Thursday, November 24, 2011

Signs

I've never been a big believer in signs, there have been a few times in my life though when I have felt that I was getting signs, I've always chalked it up to the rationalization that if you deep down know what you want, you're going to see things that point you in that direction, and that made sense.  I've always been one to explain things away with logic, probably because I wanted to, I like logic.  So far this week though I've had a few signs.  They might not seem like much, but I pull into the parking lot at Hannah's school on Monday, and parked next to me is a car I'd never seen there before, it was a car I don't know I've ever seen in person, a Chevy Traverse.  There have been a few other things, but just now something happened that totally caught me off guard, I pulled up the TV guide listings page to look something up, and the same ad kept popping up, over and over, for a store I had never even heard of until recently, White House Black Market, it was honestly like getting slapped in the face. I suppose that the site could be reading a cookie on my machine because I did google the place when I first heard of it, but what are the chances of that popping up right now on Thanksgiving morning.  I'm not going to start speculating about what it means right now, but it's hard not to think that just maybe I should be thankful that the person I associate these things with is in my life now in some fashion, even as a friend.

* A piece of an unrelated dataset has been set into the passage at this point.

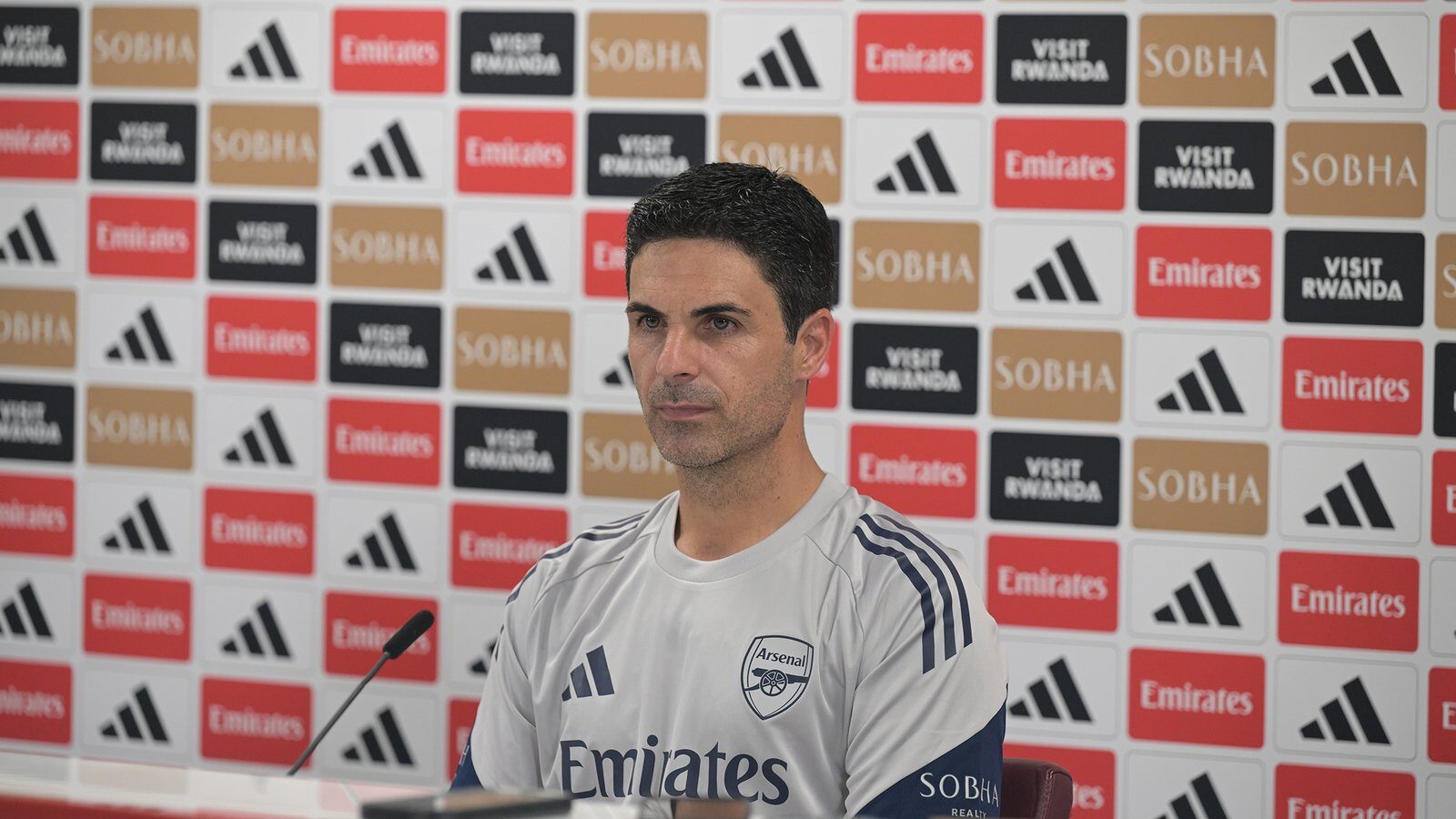 Arsenal se pregătește pentru semifinala cu Chelsea Mikel Arteta a oferit detalii despre starea echipei sale și despre provocările întâlnirii cu Chelsea, programată pentru semifinala primei manșe a Cupei Carabao, în cadrul unei conferințe de presă susținute la Sobha Realty Training Centre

Tuesday, November 22, 2011

10 years...

Ten years ago today, my friend at the time, originally the friend of my then recently ex-g/f, you who know the story, know the details.  Anyway, it was Thanksgiving of 2001, a Thursday evening.  I got a text, asking what I was doing that night.  At the time I was in Hoboken, NJ at my aunt and uncle's apt having dinner, so I replied something like "not much, won't be back on the island until later".  We texted back and forth a few times and somehow ended up with plans to catch a movie later on that evening.  Now at this point we really were just friends, we enjoyed spending time together, had gone to her little cousins soccer games a few times, hung out with the kids she babysat once or twice, but that was the extent.  I mean she was cute, great with kids, and just a generally good hearted and fun person, but I was privy to some unflattering details of her past having just dated her friend for the past 11 months, so I wasn't really looking at her as anything more than a fun companion, we enjoyed time together, it was fun.  That was until that evening, we met at the movie theater, saw the movie, but afterwards neither of us was anxious to go home.  So we went to sit in her car and talk.  Which we did, but then we kissed, and kissed some more, and so November 22, 2001 is the day that I started dating my late wife, the first time at least, 10 years ago today...

My Daughter

So my little girl isn't so little anymore, she tells me to take her home "straightaway" after school, and navigates apps on her table with no assistance.  She's growing up so quickly, and day by day seems to be turning into a little version of myself.  Now as flattering as this is, it's probably not for the best, in many ways she'd probably be better off taking on some of her mother's traits, but I'm what she's exposed to day in and day out.  If she were more like her late mother her room would always be clean, she'd always be on time, she'd be neurotic about getting her daily to-do list completed.  Of course there is also a list of things that would make her like her mother that I just assume she not pick up, in these departments I'm happy to have her follow in my footsteps.  She does need some positive non-grandma female influences in her life though.  I think we're going to start doing more outings with the local widows and their kids, I think it'll be good for both of us.